Aux côtés de mes frères-soldats de l'Iran et de l'Irak, qui meurent dans une guerre fratricide et suicidaire, je veux également me sentir proche des camarades du Nicaragua dont les ports sont minés, les villes bombardées et qui, malgré tout, affrontent avec courage et lucidité leur destin. Je souffre avec tous ceux qui, en Amérique latine, souffrent de la mainmise impérialiste. Je veux être aux côtés des peuples afghan et irlandais, aux côtés des peuples de Grenade et de Timor oriental, chacun à la recherche d'un bonheur dicté par la dignité et les lois de sa culture. Je m'élève ici au nom des tous ceux qui cherchent vainement dans quel forum de ce monde ils pourront faire entendre leur voix et la faire prendre en considération réellement. [...]

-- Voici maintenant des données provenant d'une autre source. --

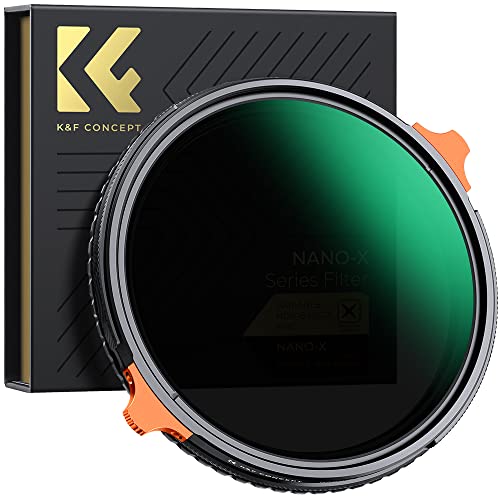 K&F Concept Nano-X ND Filter 52mm CPL&ND4-ND64 2 in 1 multifunktionaler Graufilter und CPL Filter Polfilter von K&F Concept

« Nous voulons être les héritiers de toutes les révolutions du monde, de toutes les luttes de libération des peuples du Tiers Monde. Nous sommes à l'écoute des grands bouleversements qui ont transformé le monde. Nous tirons des leçons de la révolution américaine, les leçons de sa victoire contre la domination coloniale et les conséquences de cette victoire. Nous faisons nôtre l'affirmation de la doctrine de la non-ingérence des Européens dans les affaires américaines et des Américains dans les affaires européennes. Ce que Monroe clamait en 1823, « L'Amérique aux Américains », nous le reprenons en disant « l'Afrique aux Africains », « Le Burkina aux Burkinabé ». La révolution française de 1789, bouleversant les fondements de l'absolutisme, nous a enseigné les droits de l'homme alliés aux droits des peuples à la liberté. La grande révolution d'octobre 1917 a transformé le monde, permis la victoire du prolétariat, ébranlé les assises du capitalisme et rendu possibles les rêves de justice de la Commune française. [...]

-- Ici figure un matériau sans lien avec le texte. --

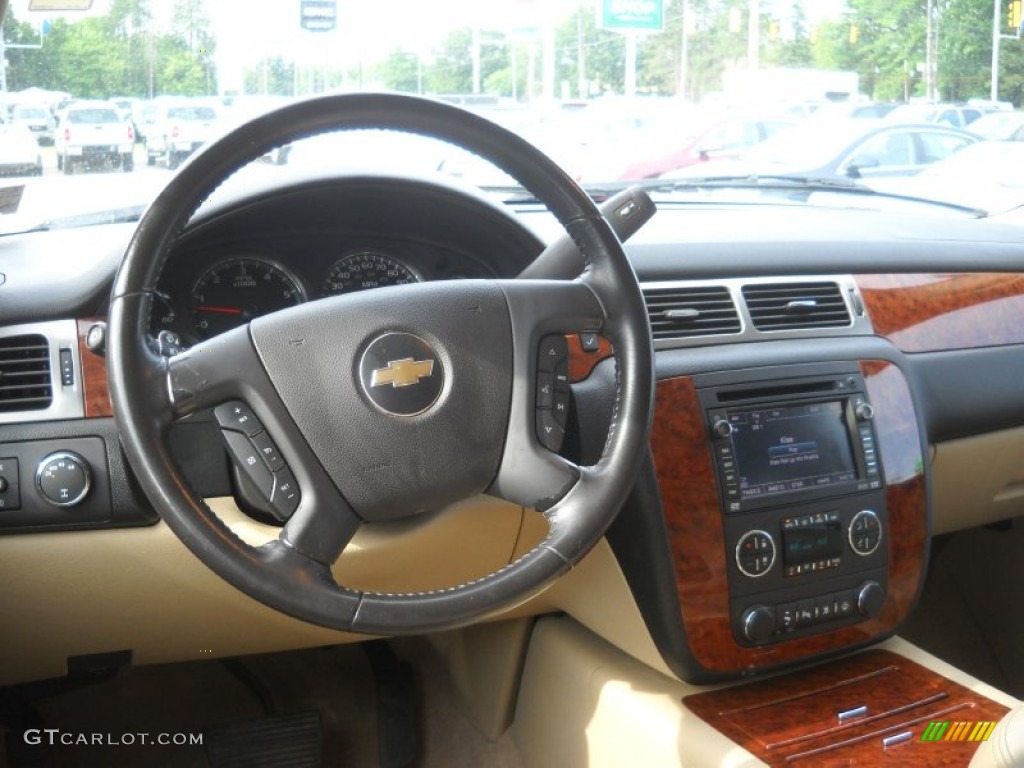 2007 Suburban 1500 LTZ 4x4 - Gold Mist Metallic / Light Cashmere/Ebony photo #13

« Nous allons bientôt fêter les cent cinquantièmes anniversaires de l'émancipation des esclaves de l'Empire britannique. Ma délégation souscrit à la proposition des pays d'Antigua et de la Barbade de commémorer avec éclat cet événement qui revêt, pour les pays africains et le Inonde noir, une signification d'une très grande importance. Pour nous, tout ce qui pourra être fait, dit ou organisé à travers le monde au cours des cérémonies commémoratives devra mettre l'accent sur le terrible écot payé par l'Afrique et le monde noir au développement de la civilisation humaine. Ecot payé sans retour et qui explique, sans aucun doute, les raisons de la tragédie d'aujourd'hui sur notre continent. [...]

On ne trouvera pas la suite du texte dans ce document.